Exercise: Examine the data below and state how many lines contain "Lane", offering no other words.

Data records:
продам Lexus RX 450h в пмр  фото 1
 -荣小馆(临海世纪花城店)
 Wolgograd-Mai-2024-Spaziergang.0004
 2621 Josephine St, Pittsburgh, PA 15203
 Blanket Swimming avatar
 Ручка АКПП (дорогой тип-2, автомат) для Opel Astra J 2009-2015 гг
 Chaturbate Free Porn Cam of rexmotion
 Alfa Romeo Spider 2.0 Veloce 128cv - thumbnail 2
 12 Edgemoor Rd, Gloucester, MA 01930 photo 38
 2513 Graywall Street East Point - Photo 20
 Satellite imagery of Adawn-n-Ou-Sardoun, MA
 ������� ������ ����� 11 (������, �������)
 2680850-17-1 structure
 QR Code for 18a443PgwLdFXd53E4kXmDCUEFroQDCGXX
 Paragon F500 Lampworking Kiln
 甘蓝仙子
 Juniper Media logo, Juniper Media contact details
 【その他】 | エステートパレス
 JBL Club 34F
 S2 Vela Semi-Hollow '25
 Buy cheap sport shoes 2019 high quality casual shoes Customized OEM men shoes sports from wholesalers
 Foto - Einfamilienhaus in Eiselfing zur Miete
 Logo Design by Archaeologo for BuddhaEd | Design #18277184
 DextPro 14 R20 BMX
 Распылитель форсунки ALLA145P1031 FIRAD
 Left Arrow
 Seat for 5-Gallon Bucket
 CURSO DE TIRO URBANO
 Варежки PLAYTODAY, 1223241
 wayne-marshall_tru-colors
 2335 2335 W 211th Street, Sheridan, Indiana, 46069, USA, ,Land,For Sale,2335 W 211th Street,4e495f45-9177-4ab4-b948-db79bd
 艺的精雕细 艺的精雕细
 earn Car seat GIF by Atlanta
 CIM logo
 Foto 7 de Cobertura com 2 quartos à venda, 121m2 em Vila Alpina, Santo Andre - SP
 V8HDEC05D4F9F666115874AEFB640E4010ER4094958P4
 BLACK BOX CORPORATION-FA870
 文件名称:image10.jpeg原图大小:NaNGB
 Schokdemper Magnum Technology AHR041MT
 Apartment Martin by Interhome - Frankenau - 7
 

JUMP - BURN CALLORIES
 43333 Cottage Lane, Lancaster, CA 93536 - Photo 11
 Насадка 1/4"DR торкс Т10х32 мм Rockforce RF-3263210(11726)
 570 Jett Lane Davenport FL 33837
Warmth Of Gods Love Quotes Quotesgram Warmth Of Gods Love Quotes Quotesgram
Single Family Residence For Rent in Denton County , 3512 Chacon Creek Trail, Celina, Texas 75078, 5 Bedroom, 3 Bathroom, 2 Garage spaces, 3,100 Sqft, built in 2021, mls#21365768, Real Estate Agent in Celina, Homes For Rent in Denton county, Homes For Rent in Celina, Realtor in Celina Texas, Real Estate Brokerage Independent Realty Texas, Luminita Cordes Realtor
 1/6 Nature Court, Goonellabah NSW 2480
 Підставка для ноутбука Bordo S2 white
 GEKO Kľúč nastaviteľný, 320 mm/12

Your response: 2